*Task brief*:
Where a line in the records below contains the string "Press", tally it; give only the final number.

═════ Material supplied ═════

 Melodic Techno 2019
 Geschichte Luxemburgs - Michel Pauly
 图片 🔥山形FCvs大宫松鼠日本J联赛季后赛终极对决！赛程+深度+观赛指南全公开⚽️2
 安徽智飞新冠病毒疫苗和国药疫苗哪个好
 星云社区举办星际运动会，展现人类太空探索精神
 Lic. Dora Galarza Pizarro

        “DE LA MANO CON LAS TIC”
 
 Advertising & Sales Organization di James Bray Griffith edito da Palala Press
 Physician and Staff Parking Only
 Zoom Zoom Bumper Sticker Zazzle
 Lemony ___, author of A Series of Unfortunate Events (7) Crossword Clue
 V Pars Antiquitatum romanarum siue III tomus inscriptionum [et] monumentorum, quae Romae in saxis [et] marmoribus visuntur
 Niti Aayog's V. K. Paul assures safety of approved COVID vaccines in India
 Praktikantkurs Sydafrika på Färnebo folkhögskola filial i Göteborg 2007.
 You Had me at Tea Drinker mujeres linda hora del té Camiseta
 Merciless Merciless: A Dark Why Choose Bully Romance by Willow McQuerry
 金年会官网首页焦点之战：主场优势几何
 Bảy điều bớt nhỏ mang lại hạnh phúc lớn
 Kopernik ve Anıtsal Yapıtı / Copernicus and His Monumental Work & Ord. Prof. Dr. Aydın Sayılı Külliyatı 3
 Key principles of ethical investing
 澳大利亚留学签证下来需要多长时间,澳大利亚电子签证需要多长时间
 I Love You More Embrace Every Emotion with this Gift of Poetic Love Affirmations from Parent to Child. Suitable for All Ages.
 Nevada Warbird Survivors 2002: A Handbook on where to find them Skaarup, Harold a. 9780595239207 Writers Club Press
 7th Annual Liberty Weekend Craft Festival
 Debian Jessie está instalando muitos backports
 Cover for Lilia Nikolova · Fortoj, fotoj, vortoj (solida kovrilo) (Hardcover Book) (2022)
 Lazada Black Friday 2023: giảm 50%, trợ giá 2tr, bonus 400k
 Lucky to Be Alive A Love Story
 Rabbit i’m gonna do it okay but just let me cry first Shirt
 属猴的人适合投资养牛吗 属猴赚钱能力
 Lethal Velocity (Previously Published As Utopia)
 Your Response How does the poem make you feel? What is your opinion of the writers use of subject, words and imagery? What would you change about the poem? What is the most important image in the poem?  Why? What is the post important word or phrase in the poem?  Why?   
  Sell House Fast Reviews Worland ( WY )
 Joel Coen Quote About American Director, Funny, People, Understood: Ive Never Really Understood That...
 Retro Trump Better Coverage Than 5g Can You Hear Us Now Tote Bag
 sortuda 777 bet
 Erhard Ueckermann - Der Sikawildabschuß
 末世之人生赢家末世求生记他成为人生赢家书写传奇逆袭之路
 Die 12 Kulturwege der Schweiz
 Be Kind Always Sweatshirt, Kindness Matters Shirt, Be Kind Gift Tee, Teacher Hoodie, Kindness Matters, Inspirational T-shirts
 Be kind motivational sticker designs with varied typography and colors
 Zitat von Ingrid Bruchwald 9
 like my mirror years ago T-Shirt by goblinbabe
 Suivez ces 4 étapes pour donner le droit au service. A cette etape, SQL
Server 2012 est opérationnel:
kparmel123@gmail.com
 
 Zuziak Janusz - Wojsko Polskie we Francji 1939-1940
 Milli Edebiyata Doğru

═════

*Answer space*:
2